§ **Exercise instructions**: Pictures in the material below are to be left out, and only the lines from the line with "Sudadera informal holgada" up to and including the line with "four person hands" are to be written out exactly.
::::
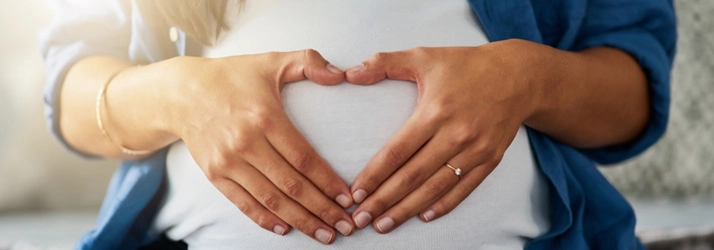 Chiropractic Waukee IA Pregnancy Pregnant woman with heart hands over her belly.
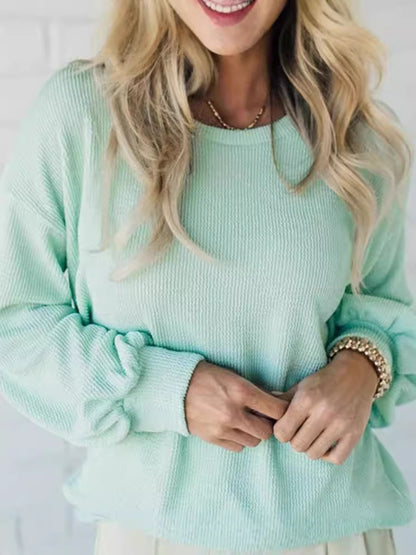 Sudadera informal holgada de color liso con cuello redondo y manga larga para mujer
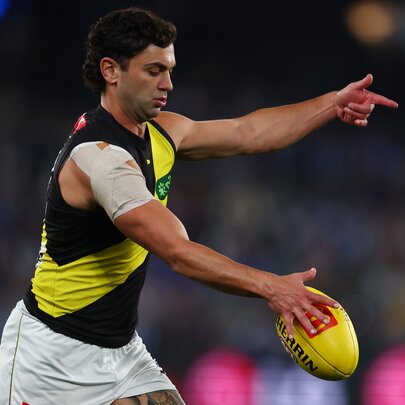A Richmond AFL football player about to kick the football on the field during a match.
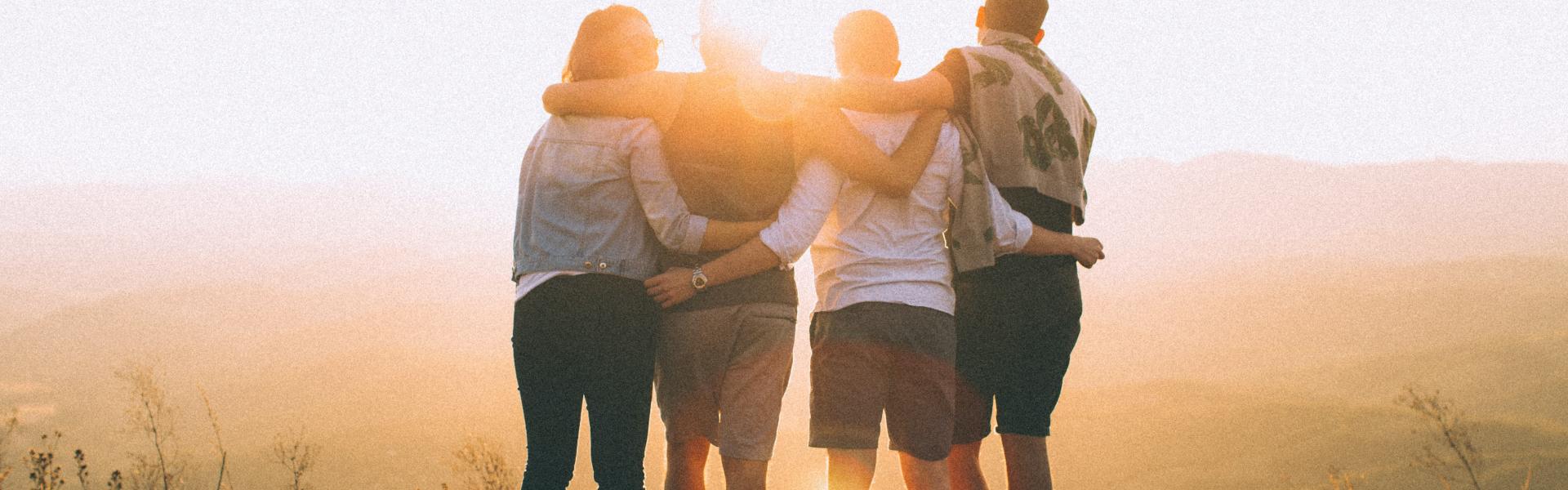 four person hands wrap around shoulders while looking at sunset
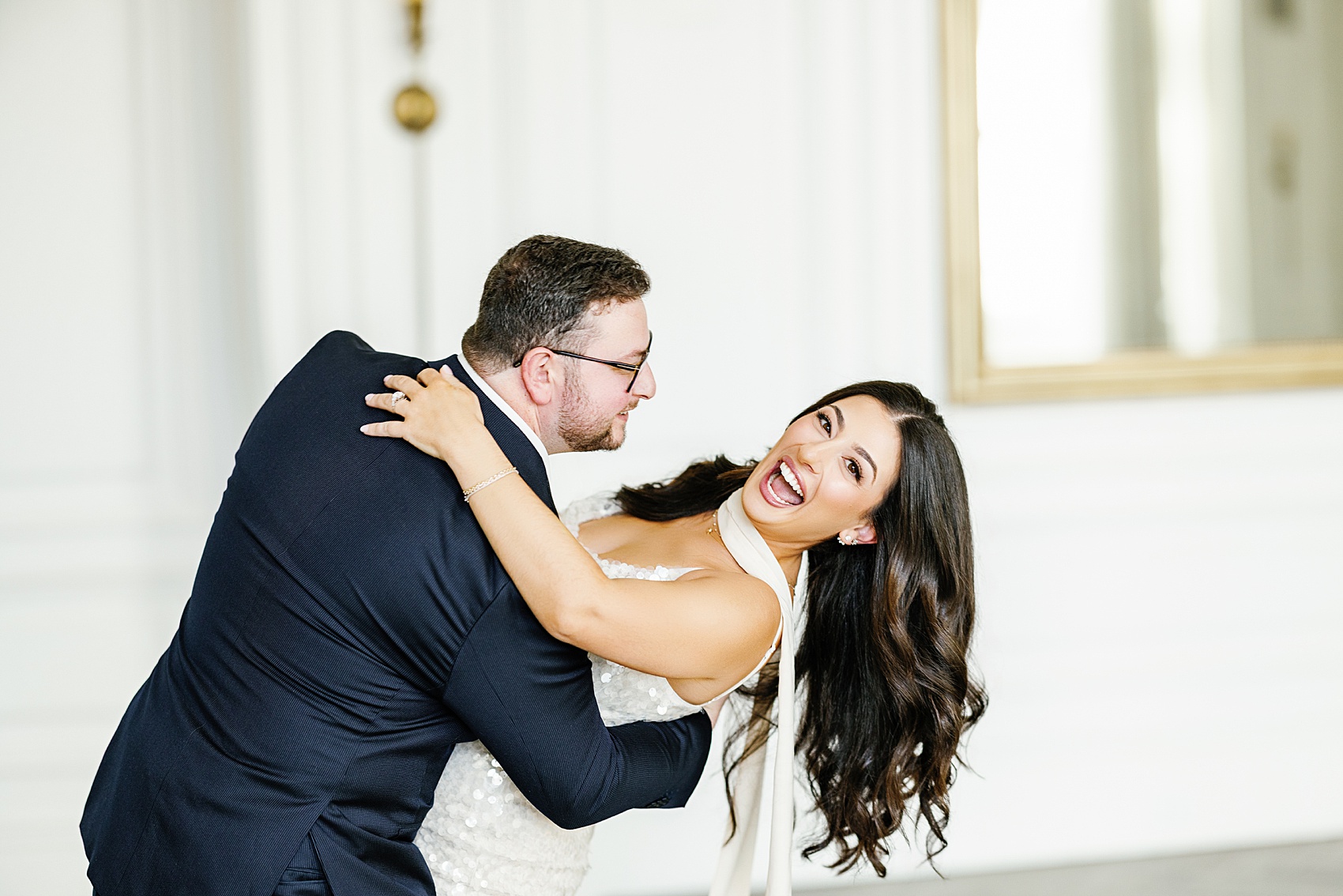 A bride laughs big while being dipped by her groom as they dance in a large white room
::::
§ **Solution to this exercise**:
 Sudadera informal holgada de color liso con cuello redondo y manga larga para mujer
A Richmond AFL football player about to kick the football on the field during a match.
 four person hands wrap around shoulders while looking at sunset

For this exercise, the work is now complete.